[Exercise requirements] Only the lines below from the one that contains "1201 Marinaside Crescent" through the one that contains "Demonstrant nosi masku" should appear in your answer, exact and without pictures.

[Supplied material]
──────────────────────────────

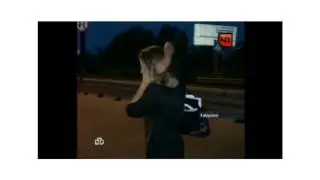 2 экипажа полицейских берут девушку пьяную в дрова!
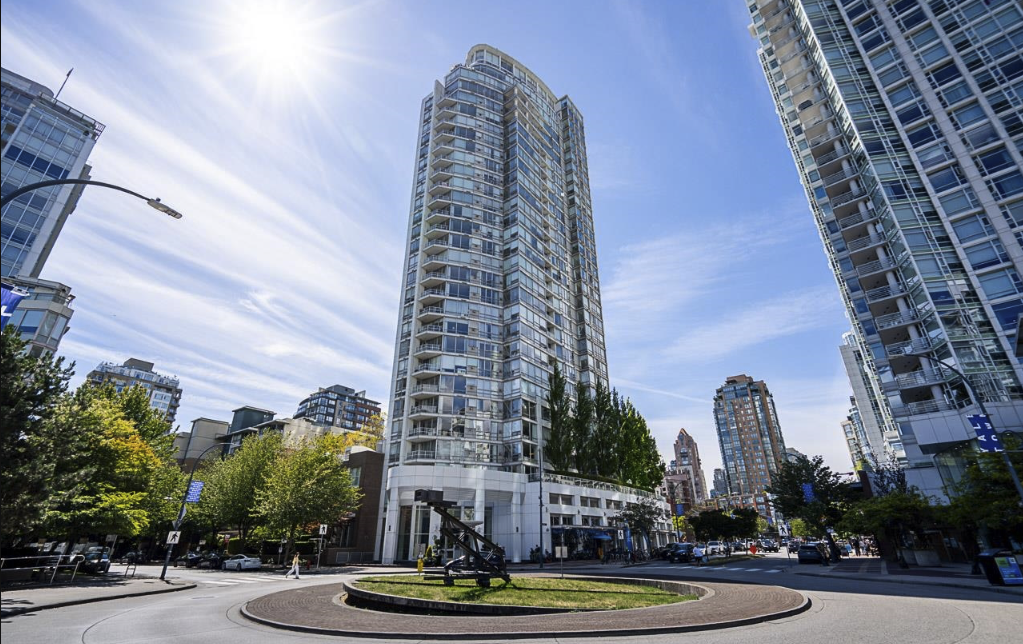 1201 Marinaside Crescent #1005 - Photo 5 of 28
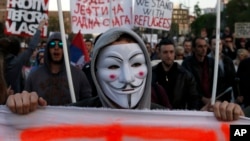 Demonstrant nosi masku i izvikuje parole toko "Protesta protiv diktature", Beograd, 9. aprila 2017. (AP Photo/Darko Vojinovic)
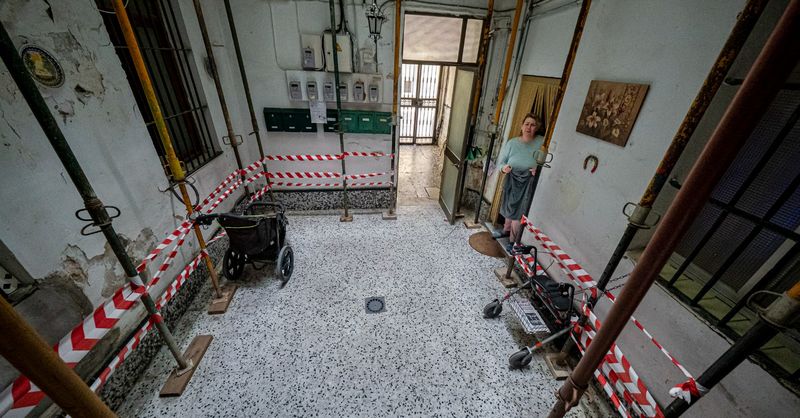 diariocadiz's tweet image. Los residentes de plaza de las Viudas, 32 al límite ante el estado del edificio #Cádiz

──────────────────────────────

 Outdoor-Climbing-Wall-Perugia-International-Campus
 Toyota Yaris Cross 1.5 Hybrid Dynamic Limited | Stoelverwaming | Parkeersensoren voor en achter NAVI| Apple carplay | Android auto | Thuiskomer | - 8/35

──────────────────────────────

[Worked solution]
 1201 Marinaside Crescent #1005 - Photo 5 of 28
 Demonstrant nosi masku i izvikuje parole toko "Protesta protiv diktature", Beograd, 9. aprila 2017. (AP Photo/Darko Vojinovic)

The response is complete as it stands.